また、メインの被写体に対応するブロックを、カメラの動きに伴う画角の移動量を基準として判断するのではなく、それを基準画像(輝度画像データ)と時間的に最も離れた画像(輝度画像データ)との間で取得した動きベクトルに基づき、例えば以下のように判断してもよい。
すなわち基準画像(輝度画像データ)と時間的に最も離れた画像(輝度画像データ)との間で取得した全てのブロックの動きベクトルの値は、メインの被写体に対応するブロック群において近似し、また背景の被写体に対応するブロック群においても近似する。同時に、動きベクトルの値は一方のブロック群の側と、他方のブロック群の側とに2極化する。つまり全てのブロックの動きベクトルの値には常に偏りが生じることとなる。

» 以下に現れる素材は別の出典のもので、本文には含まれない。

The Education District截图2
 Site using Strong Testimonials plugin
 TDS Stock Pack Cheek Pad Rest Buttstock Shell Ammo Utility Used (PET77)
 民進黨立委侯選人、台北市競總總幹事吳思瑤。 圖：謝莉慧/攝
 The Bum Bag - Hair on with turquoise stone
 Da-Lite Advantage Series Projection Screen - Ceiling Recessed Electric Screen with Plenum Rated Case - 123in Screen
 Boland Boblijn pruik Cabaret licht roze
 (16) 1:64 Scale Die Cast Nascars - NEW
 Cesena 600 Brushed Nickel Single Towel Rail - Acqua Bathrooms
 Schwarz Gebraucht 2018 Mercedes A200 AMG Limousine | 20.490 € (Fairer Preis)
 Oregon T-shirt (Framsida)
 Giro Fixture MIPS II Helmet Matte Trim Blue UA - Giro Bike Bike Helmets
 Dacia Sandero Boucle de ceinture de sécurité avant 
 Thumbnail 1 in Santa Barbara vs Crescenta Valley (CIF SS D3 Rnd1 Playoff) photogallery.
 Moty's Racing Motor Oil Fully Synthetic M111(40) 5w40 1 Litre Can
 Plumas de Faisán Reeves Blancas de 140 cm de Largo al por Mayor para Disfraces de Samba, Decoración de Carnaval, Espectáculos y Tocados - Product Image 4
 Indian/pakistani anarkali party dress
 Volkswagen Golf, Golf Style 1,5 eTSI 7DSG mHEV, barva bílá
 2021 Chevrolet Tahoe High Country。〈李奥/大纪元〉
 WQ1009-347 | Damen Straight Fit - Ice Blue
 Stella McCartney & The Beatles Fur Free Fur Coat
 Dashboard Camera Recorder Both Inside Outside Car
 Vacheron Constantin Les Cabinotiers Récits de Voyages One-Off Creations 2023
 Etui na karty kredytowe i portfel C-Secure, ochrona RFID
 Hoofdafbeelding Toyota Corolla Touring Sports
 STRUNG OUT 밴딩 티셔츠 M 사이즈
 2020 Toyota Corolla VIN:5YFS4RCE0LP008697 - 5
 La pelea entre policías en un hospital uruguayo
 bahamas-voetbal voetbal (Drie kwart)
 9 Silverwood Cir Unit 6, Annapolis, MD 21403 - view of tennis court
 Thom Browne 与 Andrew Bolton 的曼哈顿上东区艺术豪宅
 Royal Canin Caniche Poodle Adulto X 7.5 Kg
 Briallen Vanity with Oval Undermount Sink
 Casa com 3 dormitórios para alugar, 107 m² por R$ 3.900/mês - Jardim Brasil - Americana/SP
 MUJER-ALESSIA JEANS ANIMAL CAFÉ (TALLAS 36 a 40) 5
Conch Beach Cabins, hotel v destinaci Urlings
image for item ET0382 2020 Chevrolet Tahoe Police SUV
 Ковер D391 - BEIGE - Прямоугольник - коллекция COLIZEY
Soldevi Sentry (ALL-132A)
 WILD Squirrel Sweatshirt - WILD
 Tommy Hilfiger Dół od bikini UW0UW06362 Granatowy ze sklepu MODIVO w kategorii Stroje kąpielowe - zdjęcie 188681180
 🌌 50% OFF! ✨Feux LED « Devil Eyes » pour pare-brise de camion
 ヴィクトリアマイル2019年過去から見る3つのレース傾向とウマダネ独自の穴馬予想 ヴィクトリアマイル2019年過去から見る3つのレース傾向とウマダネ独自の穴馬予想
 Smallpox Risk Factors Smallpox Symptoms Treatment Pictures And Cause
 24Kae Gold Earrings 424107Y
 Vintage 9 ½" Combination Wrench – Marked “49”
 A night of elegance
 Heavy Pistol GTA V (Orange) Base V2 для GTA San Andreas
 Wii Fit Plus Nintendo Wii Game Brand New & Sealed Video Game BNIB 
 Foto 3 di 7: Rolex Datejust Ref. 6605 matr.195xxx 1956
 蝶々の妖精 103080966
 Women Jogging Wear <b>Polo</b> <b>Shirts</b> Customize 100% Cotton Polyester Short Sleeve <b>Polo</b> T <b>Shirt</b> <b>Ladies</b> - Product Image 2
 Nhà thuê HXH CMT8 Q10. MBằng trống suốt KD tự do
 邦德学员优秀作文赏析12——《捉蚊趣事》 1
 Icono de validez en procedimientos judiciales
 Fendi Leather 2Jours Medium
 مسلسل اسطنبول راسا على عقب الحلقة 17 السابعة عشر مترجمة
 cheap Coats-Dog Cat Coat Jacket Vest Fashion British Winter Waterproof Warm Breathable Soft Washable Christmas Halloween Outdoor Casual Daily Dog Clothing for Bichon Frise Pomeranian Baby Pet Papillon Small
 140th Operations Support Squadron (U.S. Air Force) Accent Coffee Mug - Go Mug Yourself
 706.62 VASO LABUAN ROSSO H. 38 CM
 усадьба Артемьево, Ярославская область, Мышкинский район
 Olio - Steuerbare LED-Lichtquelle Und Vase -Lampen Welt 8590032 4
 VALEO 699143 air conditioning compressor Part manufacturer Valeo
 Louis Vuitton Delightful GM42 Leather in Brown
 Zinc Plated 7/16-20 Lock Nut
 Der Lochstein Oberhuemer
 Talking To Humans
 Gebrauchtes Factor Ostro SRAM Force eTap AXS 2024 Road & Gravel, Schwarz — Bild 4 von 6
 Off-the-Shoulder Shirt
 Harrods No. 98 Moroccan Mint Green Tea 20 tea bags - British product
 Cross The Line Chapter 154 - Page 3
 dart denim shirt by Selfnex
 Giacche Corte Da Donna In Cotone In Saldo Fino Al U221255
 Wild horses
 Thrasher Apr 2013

図8は、その偏りの一例を示す図であって、X軸とY軸とからなる直交座標上に、各々のブロックの動きベクトルにより示されるX方向のずれ量とY方向のずれ量を示す点をプロットした分布図、例えばX方向のずれ量がnでY方向のずれ量がmであれば(n,m)の位置に点をプロットした分布図である。また、この図は連続撮影が行われている間、フレーム(画角)内でメインの被写体が斜め右下方向に僅かに移動し、かつ背景の被写体が左方向へ移動した時の例である。この場合、メインの被写体に対応する各ブロックの点によって、第4象限に位置するとともに原点0に近い(ずれ量が少ない)第1の分布域Paが形成され、また背景の被写体に対応する各ブロックの点によって第2象限と第3象限とにわたるとともに原点0から遠い(ずれ量が多い)第2の分布域Paが形成されることとなる。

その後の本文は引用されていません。